2008 muss natürlich auch das Jahr 1938 ein Thema sein. Wir haben den Schwerpunkt auf Flucht, Exil und Rückkehr gelegt und uns als Protagonisten den Schauspieler Otto Tausig ausgesucht. Er wurde 1939 als Jugendlicher mit einem „Kindertransport" aus Österreich gerettet und ist später nach Europa zurückgekehrt. Wir zeigen drei Filme von Jan Schütte, die sich mit jüdischer Thematik auseinander setzen, in zwei spielt Otto Tausig mit. Darüber hinaus zeigen wir Epsteins Nacht von Urs Egger. Auch hier geht es um das Thema Rückkehr, Mitte der 1980er Jahre, und um einen Pfarrer, der sich als ehemaliger KZ-Peiniger herausstellt.

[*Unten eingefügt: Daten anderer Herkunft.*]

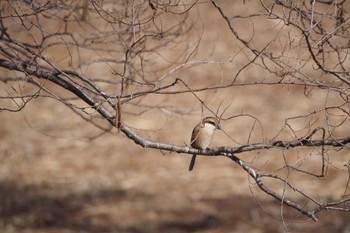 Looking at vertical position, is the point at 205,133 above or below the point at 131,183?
below

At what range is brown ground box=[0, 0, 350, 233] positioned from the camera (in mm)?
10031

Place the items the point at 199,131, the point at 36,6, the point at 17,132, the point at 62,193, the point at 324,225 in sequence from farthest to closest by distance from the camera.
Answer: the point at 17,132 < the point at 62,193 < the point at 324,225 < the point at 199,131 < the point at 36,6

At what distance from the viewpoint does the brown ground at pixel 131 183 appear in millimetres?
10031

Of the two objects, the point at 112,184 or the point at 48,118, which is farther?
the point at 48,118

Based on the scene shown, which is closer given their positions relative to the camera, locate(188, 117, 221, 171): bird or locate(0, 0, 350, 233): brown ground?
locate(188, 117, 221, 171): bird

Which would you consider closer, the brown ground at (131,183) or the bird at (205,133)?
the bird at (205,133)

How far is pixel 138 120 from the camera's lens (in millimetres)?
13875

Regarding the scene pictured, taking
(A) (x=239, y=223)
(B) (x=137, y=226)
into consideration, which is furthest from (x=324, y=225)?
(B) (x=137, y=226)

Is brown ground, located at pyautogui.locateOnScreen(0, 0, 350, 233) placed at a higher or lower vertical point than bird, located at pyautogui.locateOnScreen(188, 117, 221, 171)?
higher

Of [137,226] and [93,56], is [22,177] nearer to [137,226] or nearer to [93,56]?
[137,226]

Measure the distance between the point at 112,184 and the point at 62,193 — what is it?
0.85 metres

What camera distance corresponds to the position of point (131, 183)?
11.6m

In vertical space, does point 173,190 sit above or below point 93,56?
below

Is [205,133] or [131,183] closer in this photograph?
[205,133] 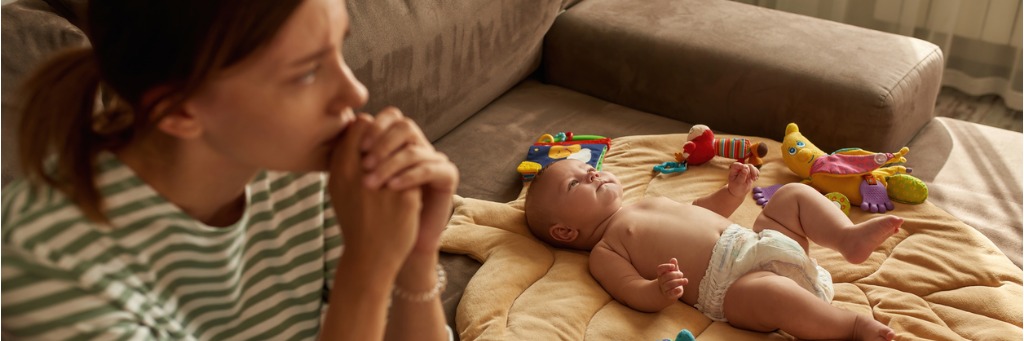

2008 wird natürlich auch 60 Jahre Israel gefeiert, und wir zeigen das Filmschaffen von Israelis und Palästinensern, zum Beispiel den Dokumentarfilm Wegwul natan / Borders von Nurit Kedar und Eran Riklis (IL 2000). Wir wollen nicht nur die israelische, sondern eben auch die andere Seite zeigen, zeigen, dass man gemeinsame Filme machen kann: das ist uns sehr wichtig. Last, not least, zeigen wir in Kooperation mit dem Filmarchiv Austria eine Werkschau Sidney M. Goldin und Joseph Seiden. Hier werden einige Filme in jiddischer Sprache zu sehen sein.

„Der Weg nach Mekka", Ein Film über das Leben von Leopold Weiß (1900-1992) einen Juden aus Lemberg, der zum Islam konvertierte und die bekannteste englische Koranübersetzung anfertigte; mit freundlicher Genehmigung Jüdisches Filmfestival.

DAVID: Wie gestaltet sich die Kooperation mit den Spielstätten des Jüdischen Filmfestivals?

M. Kaczek: Wir arbeiten ausgezeichnet mit dem Filmarchiv Austria zusammen, das uns auch das Metro Kino als Spielstätte zur Verfügung stellt und uns ganz maßgeblich unterstützt. Ich kann ohne Übertreibung sagen: ohne das Filmarchiv Austria würden wir es nicht machen. Von 14. bis 20. November bespielen wir zusätzlich das Votivkino, und vom 21. bis 27. November das De France Kino. Mit allen drei Kinos arbeiten wir wunderbar zusammen, sie haben tolle Teams und ein großes Interesse an jüdischen Filmen.

DAVID: Das Jüdische Filmfestival ist seit Jahren sehr erfolgreich. Von welchen Seiten erhält das Jüdische Filmfestival Unterstützung, und hat sich diese Unterstützung im Laufe der Jahre gewandelt? Fühlen Sie sich heute ausreichend unterstützt?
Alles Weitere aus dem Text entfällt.